Dans le théâtre de nos sociétés où ces trois figures jouent sur scène,
indifférentes ou hostiles les unes aux autres, il est urgent que se lèvent
des chrétiens qui cassent ces seules dynamiques, qui vivent de leur foi et
sachent en rendre compte sur le terrain de la rationalité.
b) Par le martyr, à l’exemple des moines, pour triompher
de Satan
Nous nous demandons toujours : comment redonner à l’homme le courage de
sa vocation originelle ? Par l’action, l’action politique notamment, pour
qu’il habite le monde et menace ainsi Satan, pour que ce monde reprenne sa
place dans le chant de la création qui loue Dieu, nous venons de le voir.
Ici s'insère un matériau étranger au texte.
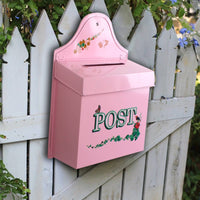 Wall Mount Mailbox Enchanting Design Vintage Wall Mount Mailbox Vintage Design Mail Container Decorative Rose Letterbox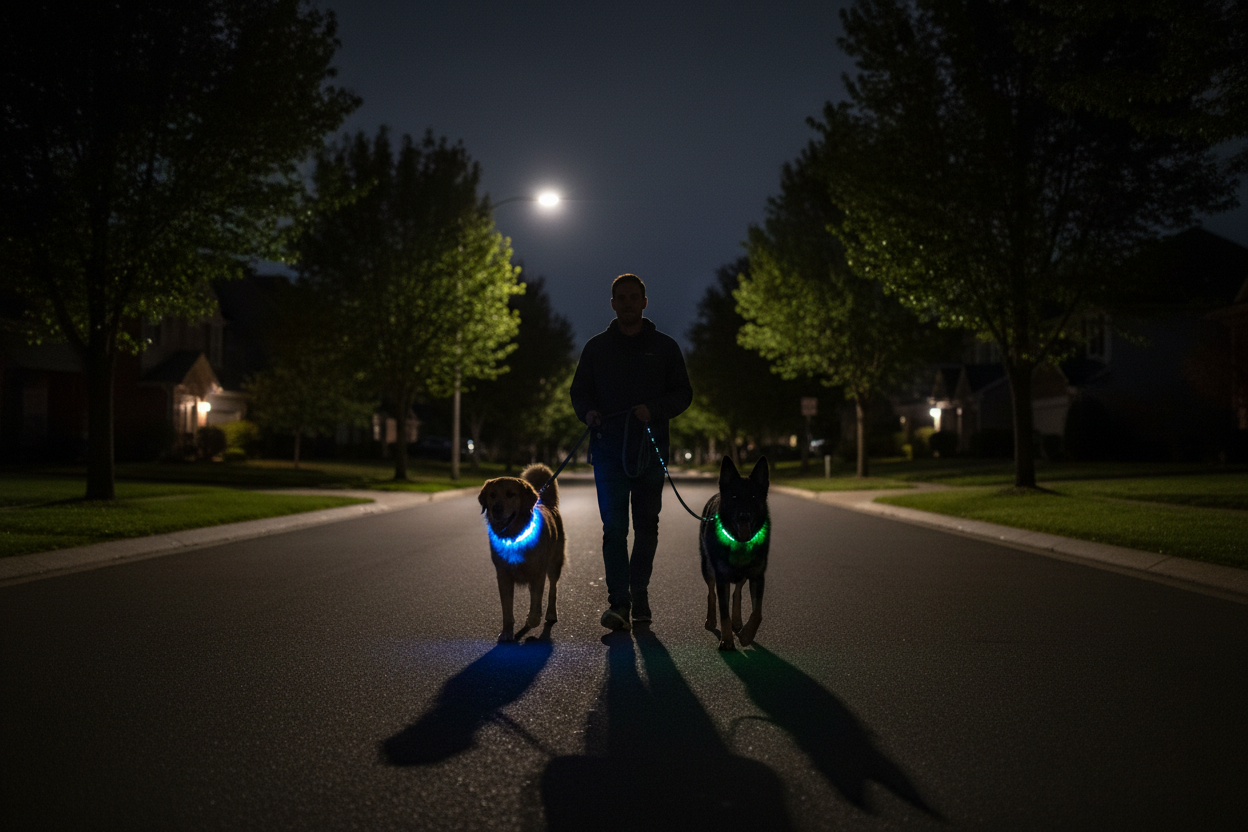Two Dogs Night Walk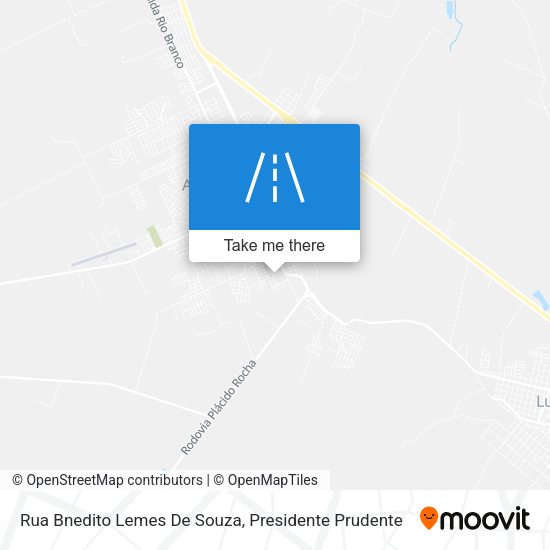 Rua Bnedito Lemes De Souza map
Une autre partie de la réponse, et c’est notre second point, est dans un
christianisme qui se met à l’école des moines, qui redécouvre une forme de
martyre, et qui lutte contre Satan.
En 2017, Rod Dreher faisait paraître aux États-Unis Le pari
bénédictin, Comment être chrétien dans un monde qui ne l’est plus,
ouvrage qui a fait couler beaucoup d’encre, et qui a notamment soulevé la
question de ce qui serait – je le dis au conditionnel – une forme de
communautarisme chrétien. Sa démarche proposait aux chrétiens de s’inspirer
de la Règle de saint Benoît pour ne pas se faire avaler par la postmodernité
et prenait la forme d’un manuel pratique. Voici certains des conseils qu’il
soumettait à notre jugement :
– recréer des communautés de vie et d’entraide catholique au milieu de nos
cités, développer ce sens communautaire au-delà du seul rassemblement à la
messe dominicale ;
– fonder des écoles véritablement catholiques, qui transmettent la culture
occidentale et la foi ;
– renouer avec la pratique de l’ascèse et de la pénitence, et notamment du
jeûne, pour nous fortifier dans notre rapport à notre corps, puisque le
monde moderne livre un véritable siège à notre corps et veut nous faire
chuter par lui ;
– redécouvrir la liturgie et son rôle formateur (elle nous éduque à
reconnaître la transcendance divine) ;
– redécouvrir certains métiers si d’autres métiers deviennent trop
incompatibles avec la voie chrétienne, etc.
Or ce livre pourrait être vu comme la transcription appliquée d’une
intuition théologique très forte chez Louis Bouyer.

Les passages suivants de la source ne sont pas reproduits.